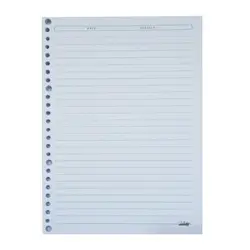 برگه کلاسوری بهشتی بسته 100 عددی &ndash; فروشگاه آنلاین رویز کالا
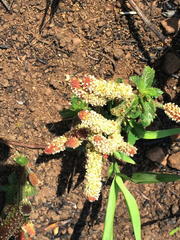 Acalypha glandulifolia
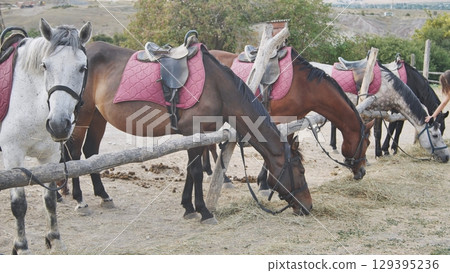 Saddled horses grazing contentedly on hay within well lit equestrian training facility, basking under warm sunlight Saddled horses grazing contentedly on hay within well lit equestrian training facility, basking under warm sunlight 129395236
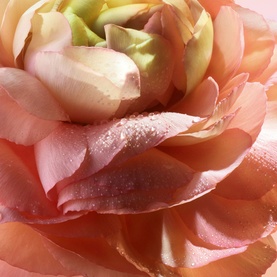 1001 Roses Eau de Parfum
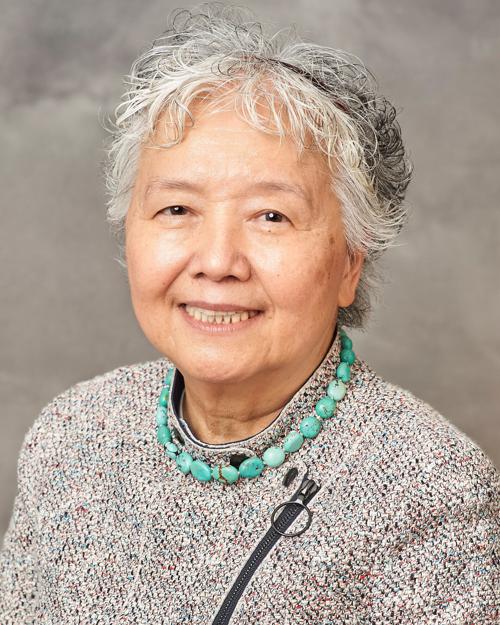 Photo of Nan-Shing Hsu, MD, MTE, MS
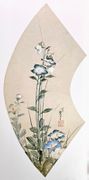 Bellflowers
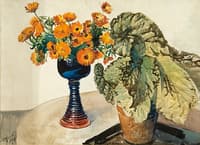 Marigolds and begonias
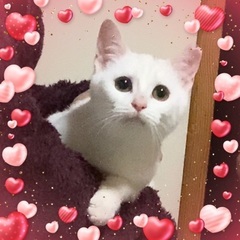 里親さん決定　可愛い女の子　まいちゃん♡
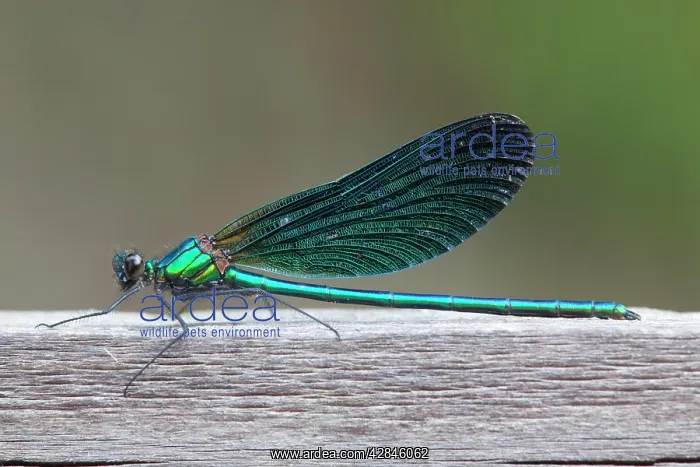 : Beautiful Demoiselle - male : Beautiful Demoiselle - male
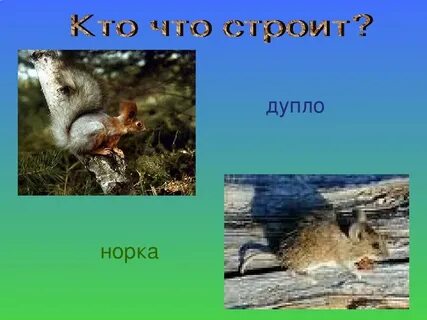 Презентация как живут животные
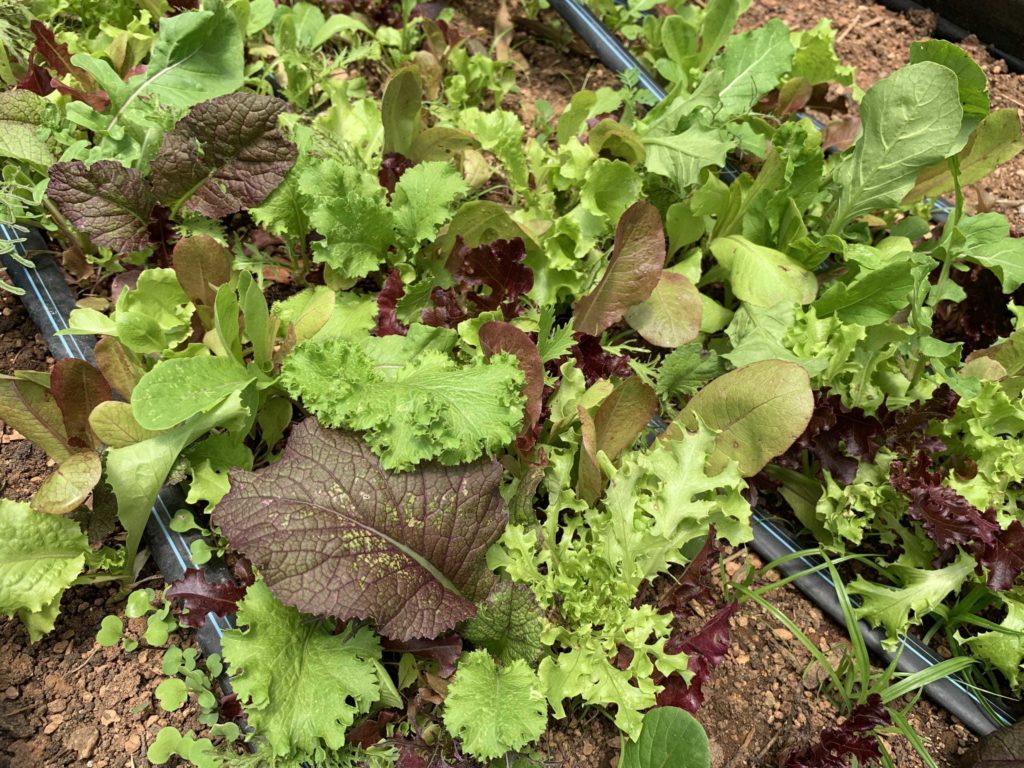 Many green leafy vegetables in beds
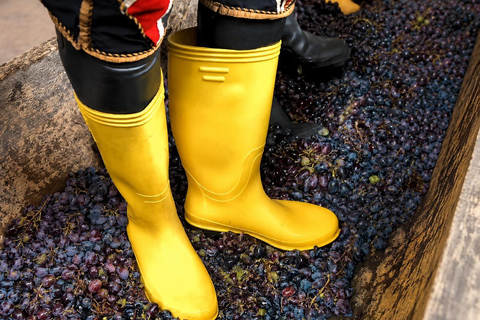 Adjara: Vineyard Tour with Wine Tasting and Lunch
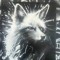 0.Fox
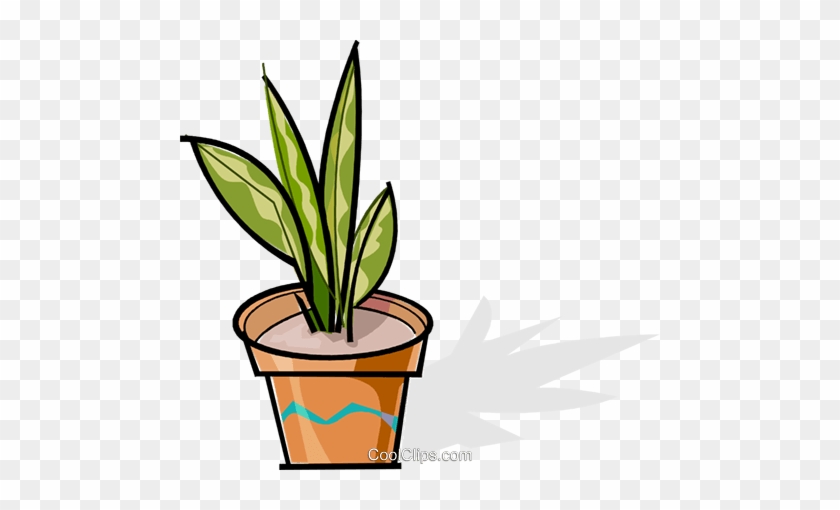 Potted Plant Royalty Free Vector Clip Art Illustration - Vector Graphics #1373096
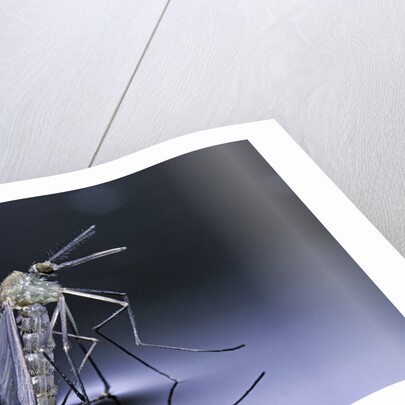 Culex pipiens (common house mosquito) - emerging (d9) by Anonymous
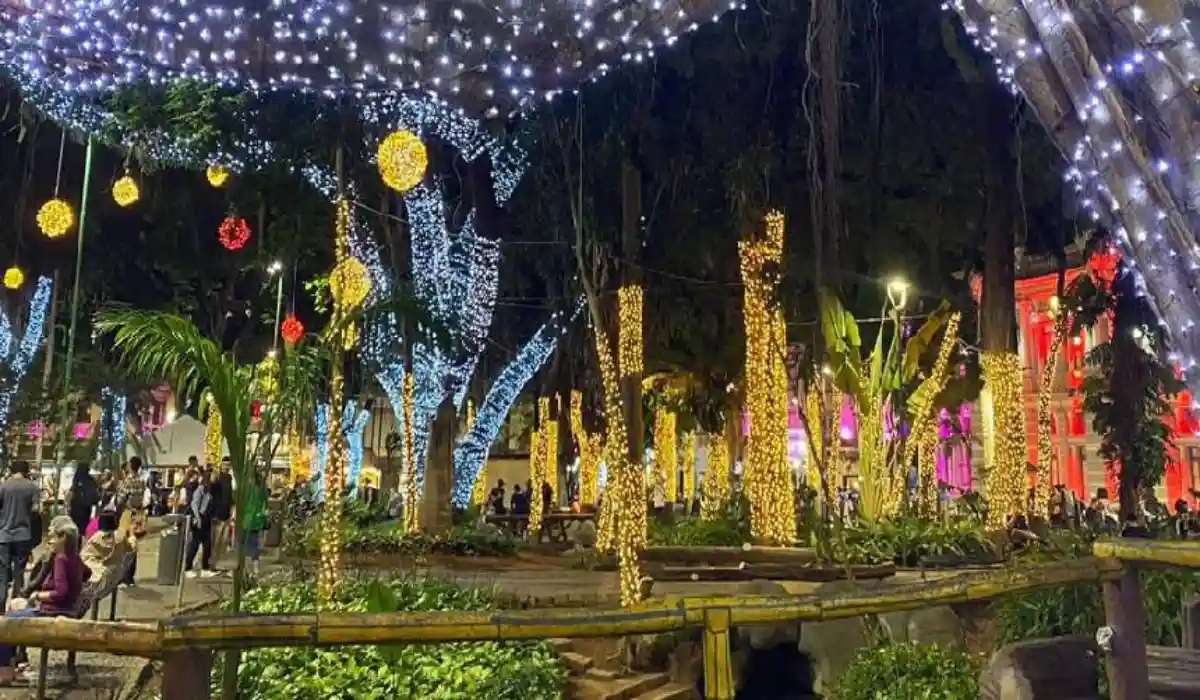 Luzes de Natal 2025 vai iluminar centro e zona rural de Juiz de Fora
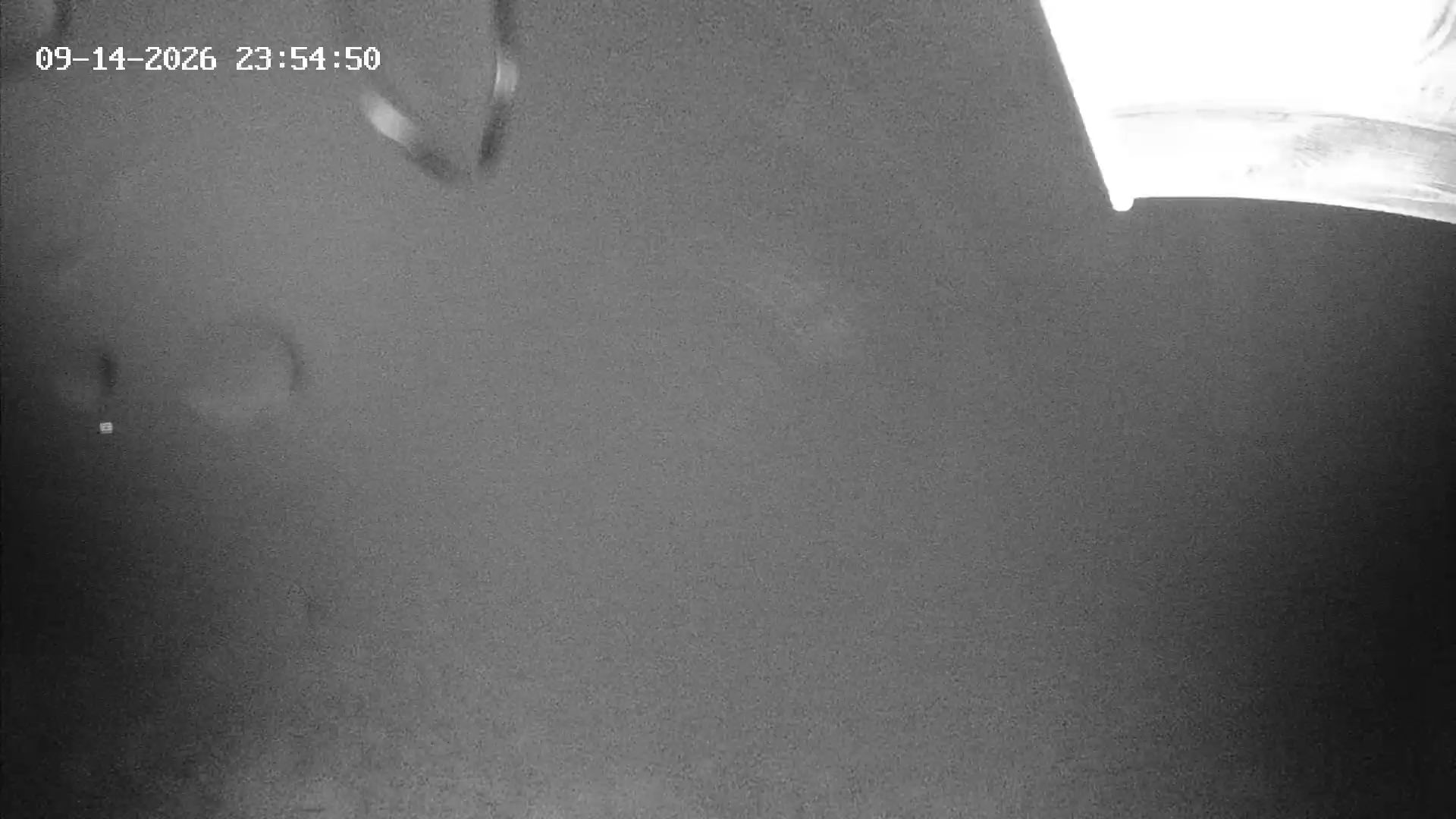 Revelstoke Top of the Stoke snow cam captured at 14 September 2026 at 11:57 pm GMT-7
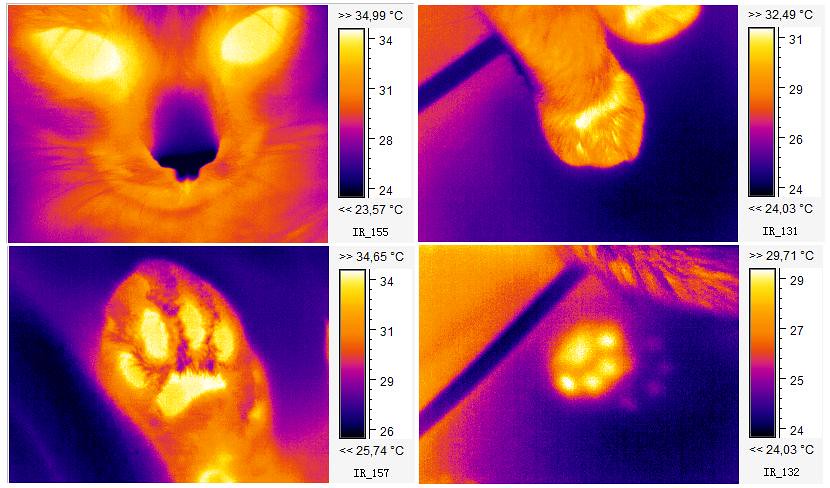 Cold nose warm touch Thermography of my cats  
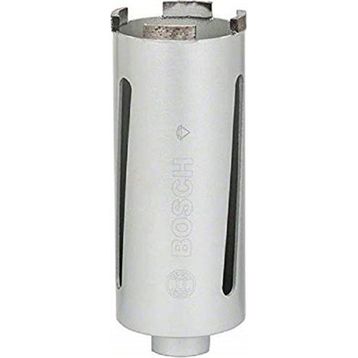 Bosch Professional Elmas Özel 65 mm Matkap Ucu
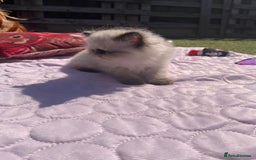 Persian cats for sale: Himalayan Persian kittens - Image 3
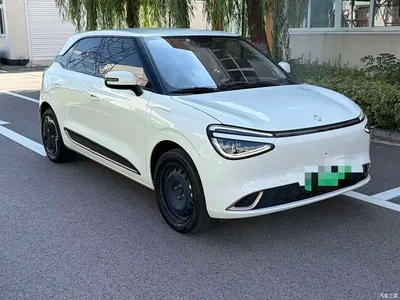 2025 Dongfeng Yipai Nano 01 330 Driving Training Edition, фото 3, лот 10833894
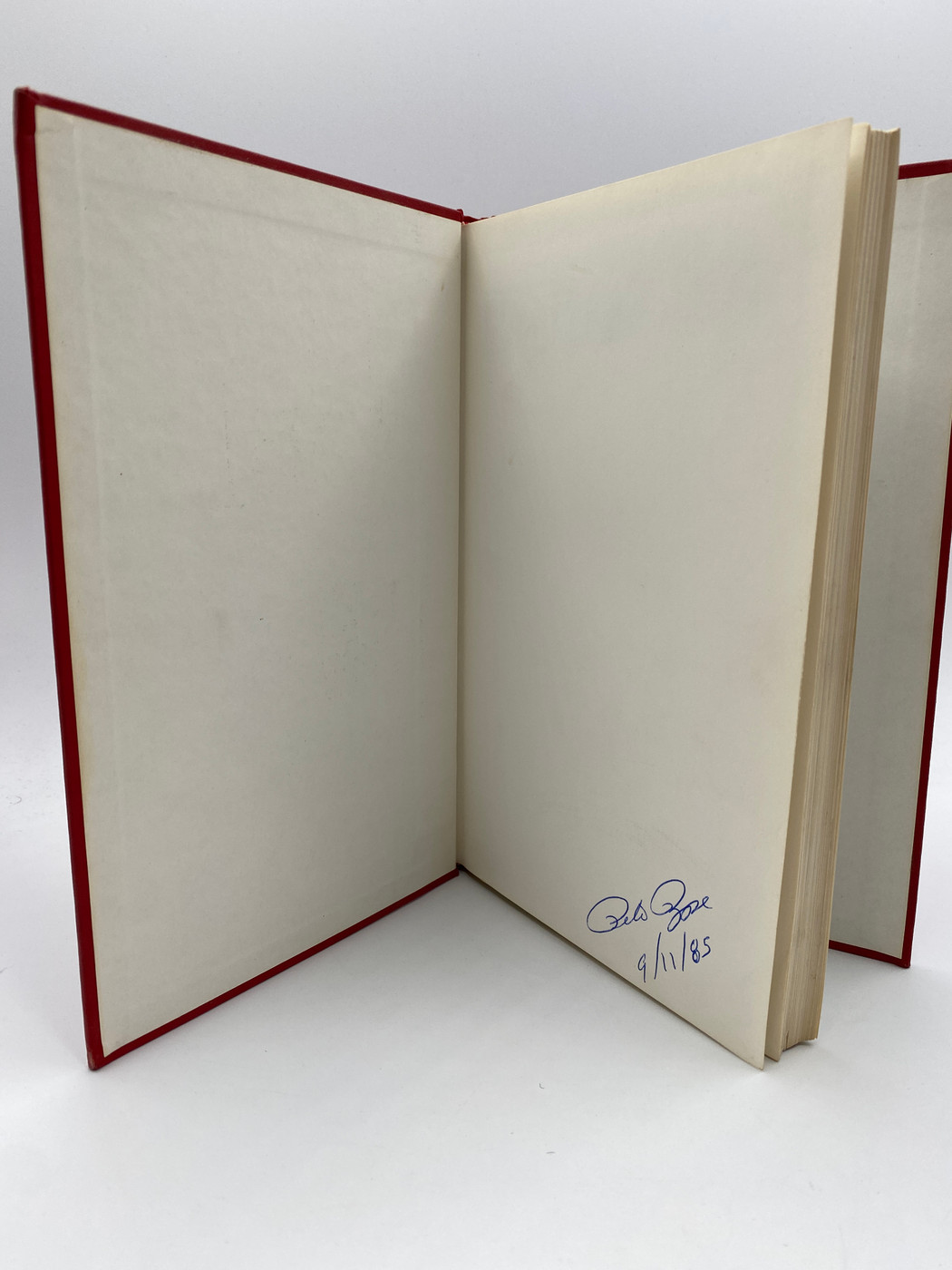 Countdown to Cobb: My Diary of the Record Breaking 1985 Season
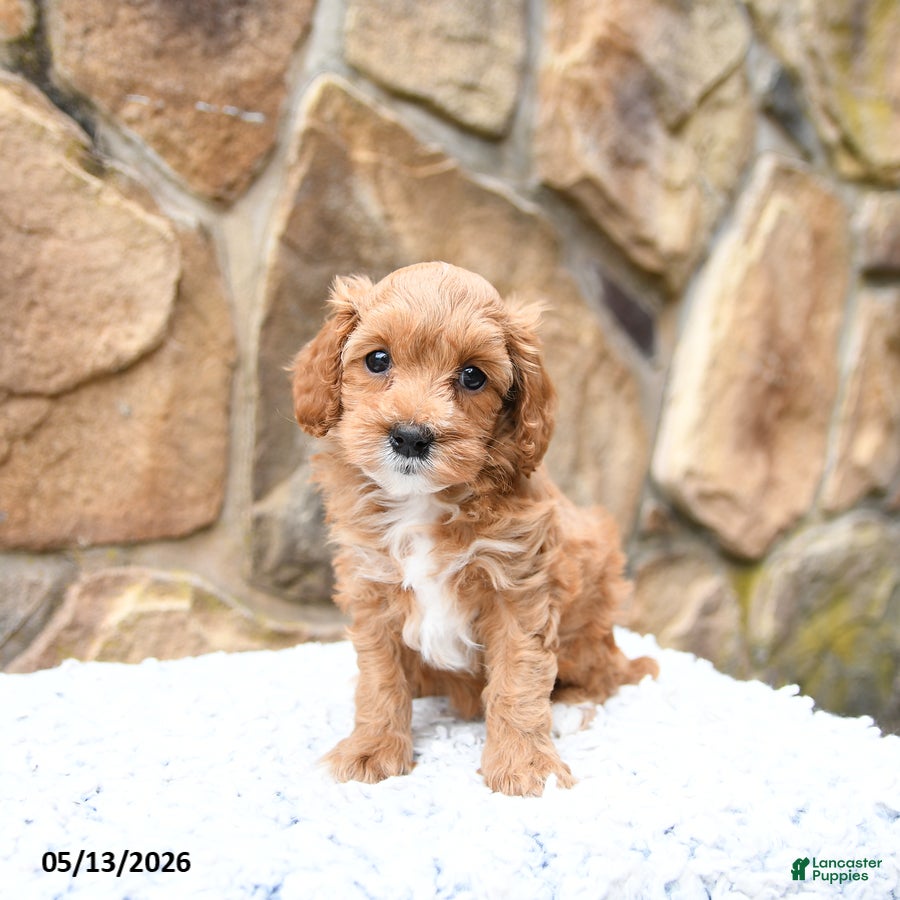 Cavapoo dogs Meadow - Ad 2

+ + +

- [TASK DETAILS]
Would you please copy, exactly and only, the lines from the one with "Acalypha glandulifolia" through the end of the entries above, skipping every picture?

- [PROBLEM SOLUTION]
 Acalypha glandulifolia
 Saddled horses grazing contentedly on hay within well lit equestrian training facility, basking under warm sunlight Saddled horses grazing contentedly on hay within well lit equestrian training facility, basking under warm sunlight 129395236
 1001 Roses Eau de Parfum
 Photo of Nan-Shing Hsu, MD, MTE, MS
 Bellflowers
 Marigolds and begonias
 里親さん決定　可愛い女の子　まいちゃん♡
 : Beautiful Demoiselle - male : Beautiful Demoiselle - male
 Презентация как живут животные
 Many green leafy vegetables in beds
 Adjara: Vineyard Tour with Wine Tasting and Lunch
 0.Fox
 Potted Plant Royalty Free Vector Clip Art Illustration - Vector Graphics #1373096
 Culex pipiens (common house mosquito) - emerging (d9) by Anonymous
 Luzes de Natal 2025 vai iluminar centro e zona rural de Juiz de Fora
 Revelstoke Top of the Stoke snow cam captured at 14 September 2026 at 11:57 pm GMT-7
 Cold nose warm touch Thermography of my cats  
 Bosch Professional Elmas Özel 65 mm Matkap Ucu
 Persian cats for sale: Himalayan Persian kittens - Image 3
 2025 Dongfeng Yipai Nano 01 330 Driving Training Edition, фото 3, лот 10833894
 Countdown to Cobb: My Diary of the Record Breaking 1985 Season
 Cavapoo dogs Meadow - Ad 2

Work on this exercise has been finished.